Go to the line with "Senegal.1939 100 ani" in the records below, then output it and each following line exactly, up to and including the line with "Lachendes Emoji mit Facebook-Logo". Skip pictures and add nothing.

> **Records supplied**:
BEGIN

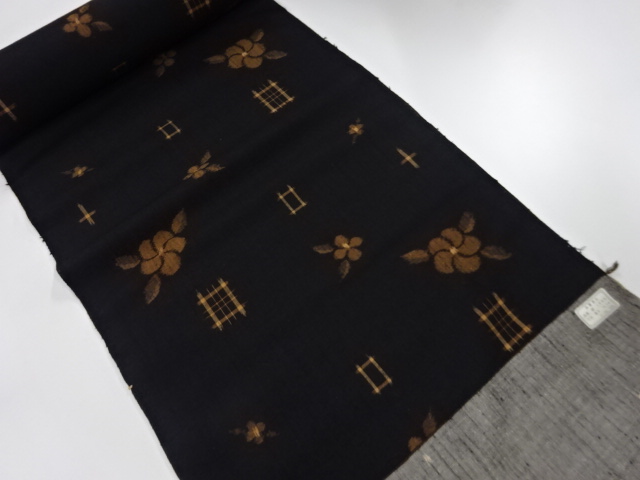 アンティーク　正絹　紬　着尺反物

END
BEGIN

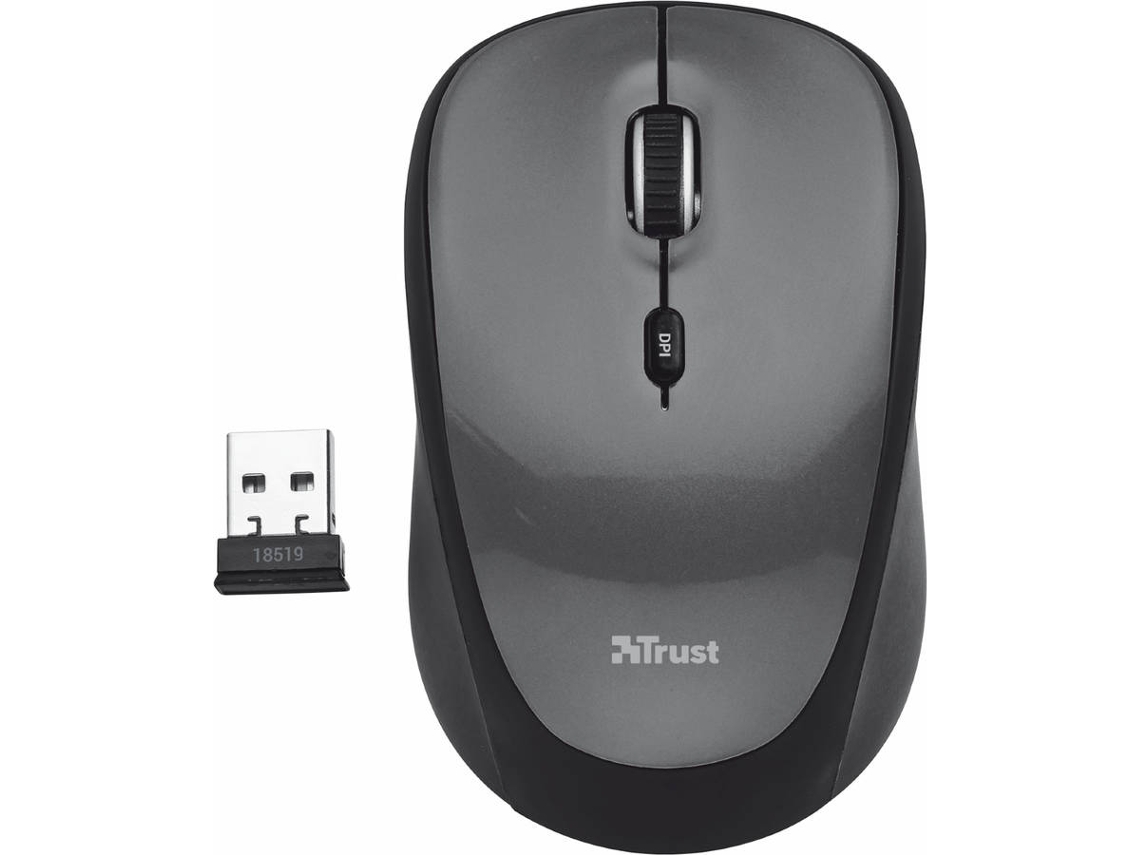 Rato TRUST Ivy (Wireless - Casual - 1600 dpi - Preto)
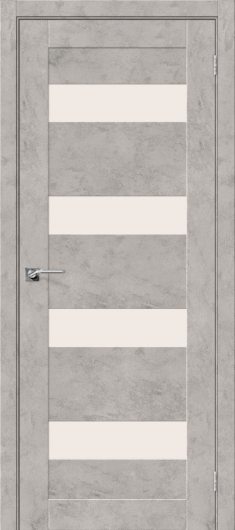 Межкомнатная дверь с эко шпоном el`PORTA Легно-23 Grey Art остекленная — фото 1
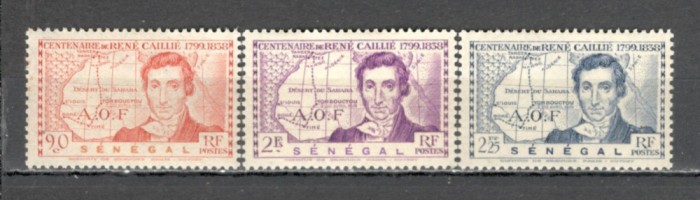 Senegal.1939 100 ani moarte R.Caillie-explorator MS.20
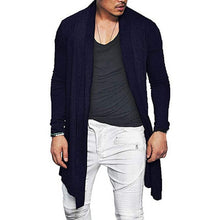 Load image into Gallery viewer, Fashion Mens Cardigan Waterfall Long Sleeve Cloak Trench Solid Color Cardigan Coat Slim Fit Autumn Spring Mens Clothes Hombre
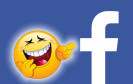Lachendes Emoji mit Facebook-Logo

END

> **Task answer**:
 Senegal.1939 100 ani moarte R.Caillie-explorator MS.20
 Load image into Gallery viewer, Fashion Mens Cardigan Waterfall Long Sleeve Cloak Trench Solid Color Cardigan Coat Slim Fit Autumn Spring Mens Clothes Hombre
Lachendes Emoji mit Facebook-Logo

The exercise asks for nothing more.